The Redwood Bar is no different than when you left it. Chief Kitrick and his friends again play cards at the far right corner table. The haze of cigarette smoke again dims the light above them. The waiter stands behind the bar on your left, the antique nautical instruments gleaming on a shelf behind him. But your compulsion directs you toward the wrinkled, faded photographs on the wall to your right.

This time, you study them without innocence. You see a yellowed image of the peaked, gabled nursery. You narrow your gaze toward small details that you failed to give importance the first time you saw these photographs. Several woman, diminished because the cameraman took a long shot of the large Victorian building, sit on a lawn that's bordered by flower gardens, their backs to a windowed brick wall of the… your mind balks… the nursery.

Each of the women – young! so young! – holds an infant in her lap. The women smile so sweetly. Are they acting? Were they forced to smile?

Was one of those women your mother? Is one of those infants you? Mary Duncan, what desperation made you smile like that?

Behind you, Chief Kitrick's husky voice says, "These days, not many tourists pay us a second visit."

"Yeah, I can't get enough of Redwood Point." Turning, you notice that Chief Kitrick – it isn't yet five o'clock – holds a glass of beer. "You might say it haunts me."

Chief Kitrick sips his beer. "I gather you didn't find what you wanted at the courthouse."

"Actually I learned more than I expected." Your voice shakes. "Do you want to talk here or in your office?"

"It depends on what you want to talk about."

"The Gunthers."

***

You pass through the squeaky gate in the office.

Chief Kitrick sits behind his desk. His face looks more flushed than two days ago. "The Gunthers? My, my. I haven't heard that name in years. What about them?"

"That's the question, isn't it? What about them? Tell me."

Chief Kitrick shrugs. "There isn't much. I don't remember them. I was just a toddler when they… All I know is what I heard when I was growing up, and that's not a lot. A husband and wife, they ran a boarding house."

"The nursery."

Chief Kitrick frowns. "I don't believe I ever heard it called the nursery. What's that supposed to mean?"
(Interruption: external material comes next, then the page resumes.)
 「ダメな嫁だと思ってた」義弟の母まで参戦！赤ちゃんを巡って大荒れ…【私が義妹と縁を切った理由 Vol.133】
"The Gunthers took in young women. Pregnant women. And after the babies were born, the Gunthers arranged to sell them to desperate Jewish couples who couldn't have children of their own. Black-market adoptions."

Chief Kitrick slowly straightens. "Black-market. Where on earth did you get such a crazy…"

You press your hands on the desk and lean forward. "See, back then, adoption agencies didn't want to give babies to Jews instead of WASPs. So the Gunthers provided the service. They and the doctor who delivered the babies earned a fortune. But I don't think that's the whole story. I've got a terrible feeling there's something more, something worse, although I'm not sure what it is. All I do know is that thirteen women – they were probably pregnant – died in the fire that destroyed the nursery in nineteen forty-one."